**Exercise brief**
Lines to return, exactly: from the line with "used 2019 Volkswagen" to the line with "compression bag for clothes" in the entries below, both included.

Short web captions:
Start of Block

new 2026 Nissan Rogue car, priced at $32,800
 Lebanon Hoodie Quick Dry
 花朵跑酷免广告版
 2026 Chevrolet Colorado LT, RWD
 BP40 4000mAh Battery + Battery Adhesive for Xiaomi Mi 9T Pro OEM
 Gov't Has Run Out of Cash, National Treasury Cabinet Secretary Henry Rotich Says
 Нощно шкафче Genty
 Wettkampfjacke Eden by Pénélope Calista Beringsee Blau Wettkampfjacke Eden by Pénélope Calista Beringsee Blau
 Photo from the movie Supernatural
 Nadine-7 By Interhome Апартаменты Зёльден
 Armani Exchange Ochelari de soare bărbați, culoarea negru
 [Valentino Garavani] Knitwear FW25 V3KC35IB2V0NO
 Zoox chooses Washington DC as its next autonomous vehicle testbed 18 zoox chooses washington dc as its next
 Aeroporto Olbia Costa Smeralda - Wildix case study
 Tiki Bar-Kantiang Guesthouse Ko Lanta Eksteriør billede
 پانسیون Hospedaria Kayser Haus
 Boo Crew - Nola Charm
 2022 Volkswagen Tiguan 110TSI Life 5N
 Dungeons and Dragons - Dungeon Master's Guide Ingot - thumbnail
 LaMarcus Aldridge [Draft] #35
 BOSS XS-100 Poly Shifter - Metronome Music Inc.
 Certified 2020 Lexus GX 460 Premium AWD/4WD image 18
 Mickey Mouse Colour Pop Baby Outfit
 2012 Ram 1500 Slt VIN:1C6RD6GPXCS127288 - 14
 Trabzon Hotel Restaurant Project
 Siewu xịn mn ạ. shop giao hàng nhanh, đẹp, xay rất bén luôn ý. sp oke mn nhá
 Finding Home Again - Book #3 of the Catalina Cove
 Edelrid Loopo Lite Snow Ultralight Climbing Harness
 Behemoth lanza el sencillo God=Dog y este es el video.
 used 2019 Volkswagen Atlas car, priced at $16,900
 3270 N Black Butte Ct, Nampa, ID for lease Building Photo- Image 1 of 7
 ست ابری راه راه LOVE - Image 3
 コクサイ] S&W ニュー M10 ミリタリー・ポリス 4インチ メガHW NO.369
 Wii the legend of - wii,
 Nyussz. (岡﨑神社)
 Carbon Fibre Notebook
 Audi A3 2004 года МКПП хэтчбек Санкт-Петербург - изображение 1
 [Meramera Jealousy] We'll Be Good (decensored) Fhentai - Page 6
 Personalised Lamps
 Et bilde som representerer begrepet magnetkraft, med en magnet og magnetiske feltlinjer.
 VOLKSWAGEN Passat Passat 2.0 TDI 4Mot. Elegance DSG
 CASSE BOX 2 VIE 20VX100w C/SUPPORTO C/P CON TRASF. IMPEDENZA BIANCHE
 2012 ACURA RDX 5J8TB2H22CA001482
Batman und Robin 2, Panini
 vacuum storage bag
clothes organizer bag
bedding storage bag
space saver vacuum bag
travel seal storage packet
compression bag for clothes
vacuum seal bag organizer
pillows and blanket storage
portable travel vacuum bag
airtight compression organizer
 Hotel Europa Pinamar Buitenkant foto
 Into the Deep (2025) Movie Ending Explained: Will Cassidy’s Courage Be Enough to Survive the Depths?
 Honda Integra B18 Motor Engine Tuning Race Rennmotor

End of Block

**Output of the task**
 used 2019 Volkswagen Atlas car, priced at $16,900
 3270 N Black Butte Ct, Nampa, ID for lease Building Photo- Image 1 of 7
 ست ابری راه راه LOVE - Image 3
 コクサイ] S&W ニュー M10 ミリタリー・ポリス 4インチ メガHW NO.369
 Wii the legend of - wii,
 Nyussz. (岡﨑神社)
 Carbon Fibre Notebook
 Audi A3 2004 года МКПП хэтчбек Санкт-Петербург - изображение 1
 [Meramera Jealousy] We'll Be Good (decensored) Fhentai - Page 6
 Personalised Lamps
 Et bilde som representerer begrepet magnetkraft, med en magnet og magnetiske feltlinjer.
 VOLKSWAGEN Passat Passat 2.0 TDI 4Mot. Elegance DSG
 CASSE BOX 2 VIE 20VX100w C/SUPPORTO C/P CON TRASF. IMPEDENZA BIANCHE
 2012 ACURA RDX 5J8TB2H22CA001482
Batman und Robin 2, Panini
 vacuum storage bag
clothes organizer bag
bedding storage bag
space saver vacuum bag
travel seal storage packet
compression bag for clothes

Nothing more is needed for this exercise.